EXERCISE INSTRUCTIONS
Here are some entries; quote each one exactly.

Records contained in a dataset
*** Begin section ***

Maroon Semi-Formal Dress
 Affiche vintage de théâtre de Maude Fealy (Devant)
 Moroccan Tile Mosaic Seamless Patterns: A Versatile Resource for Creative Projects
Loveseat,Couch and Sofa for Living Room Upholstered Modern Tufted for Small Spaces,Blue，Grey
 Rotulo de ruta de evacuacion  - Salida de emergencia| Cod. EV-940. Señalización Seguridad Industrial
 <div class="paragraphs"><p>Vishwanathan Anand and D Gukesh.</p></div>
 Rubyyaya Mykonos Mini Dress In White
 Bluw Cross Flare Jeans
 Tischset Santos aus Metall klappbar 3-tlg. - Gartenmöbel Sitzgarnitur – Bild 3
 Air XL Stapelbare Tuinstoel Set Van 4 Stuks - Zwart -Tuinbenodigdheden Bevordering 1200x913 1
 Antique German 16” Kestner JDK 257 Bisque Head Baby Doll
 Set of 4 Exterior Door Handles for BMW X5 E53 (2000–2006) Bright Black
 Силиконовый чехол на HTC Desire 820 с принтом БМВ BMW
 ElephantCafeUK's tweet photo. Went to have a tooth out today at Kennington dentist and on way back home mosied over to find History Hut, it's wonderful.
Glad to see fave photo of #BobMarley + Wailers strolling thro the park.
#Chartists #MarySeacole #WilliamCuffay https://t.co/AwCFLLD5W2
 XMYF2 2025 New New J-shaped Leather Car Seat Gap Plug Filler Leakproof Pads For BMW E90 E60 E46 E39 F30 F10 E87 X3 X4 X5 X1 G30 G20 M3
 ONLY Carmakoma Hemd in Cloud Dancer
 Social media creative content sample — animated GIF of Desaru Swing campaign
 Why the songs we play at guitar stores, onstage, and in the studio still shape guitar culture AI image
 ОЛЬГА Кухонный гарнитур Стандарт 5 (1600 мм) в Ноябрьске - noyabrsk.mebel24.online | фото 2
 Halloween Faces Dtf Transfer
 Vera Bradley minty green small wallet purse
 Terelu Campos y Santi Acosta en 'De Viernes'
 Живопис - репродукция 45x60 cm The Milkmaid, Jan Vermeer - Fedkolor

*** End section ***

EXERCISE OUTPUT
Maroon Semi-Formal Dress
 Affiche vintage de théâtre de Maude Fealy (Devant)
 Moroccan Tile Mosaic Seamless Patterns: A Versatile Resource for Creative Projects
Loveseat,Couch and Sofa for Living Room Upholstered Modern Tufted for Small Spaces,Blue，Grey
 Rotulo de ruta de evacuacion  - Salida de emergencia| Cod. EV-940. Señalización Seguridad Industrial
 <div class="paragraphs"><p>Vishwanathan Anand and D Gukesh.</p></div>
 Rubyyaya Mykonos Mini Dress In White
 Bluw Cross Flare Jeans
 Tischset Santos aus Metall klappbar 3-tlg. - Gartenmöbel Sitzgarnitur – Bild 3
 Air XL Stapelbare Tuinstoel Set Van 4 Stuks - Zwart -Tuinbenodigdheden Bevordering 1200x913 1
 Antique German 16” Kestner JDK 257 Bisque Head Baby Doll
 Set of 4 Exterior Door Handles for BMW X5 E53 (2000–2006) Bright Black
 Силиконовый чехол на HTC Desire 820 с принтом БМВ BMW
 ElephantCafeUK's tweet photo. Went to have a tooth out today at Kennington dentist and on way back home mosied over to find History Hut, it's wonderful.
Glad to see fave photo of #BobMarley + Wailers strolling thro the park.
#Chartists #MarySeacole #WilliamCuffay https://t.co/AwCFLLD5W2
 XMYF2 2025 New New J-shaped Leather Car Seat Gap Plug Filler Leakproof Pads For BMW E90 E60 E46 E39 F30 F10 E87 X3 X4 X5 X1 G30 G20 M3
 ONLY Carmakoma Hemd in Cloud Dancer
 Social media creative content sample — animated GIF of Desaru Swing campaign
 Why the songs we play at guitar stores, onstage, and in the studio still shape guitar culture AI image
 ОЛЬГА Кухонный гарнитур Стандарт 5 (1600 мм) в Ноябрьске - noyabrsk.mebel24.online | фото 2
 Halloween Faces Dtf Transfer
 Vera Bradley minty green small wallet purse
 Terelu Campos y Santi Acosta en 'De Viernes'
 Живопис - репродукция 45x60 cm The Milkmaid, Jan Vermeer - Fedkolor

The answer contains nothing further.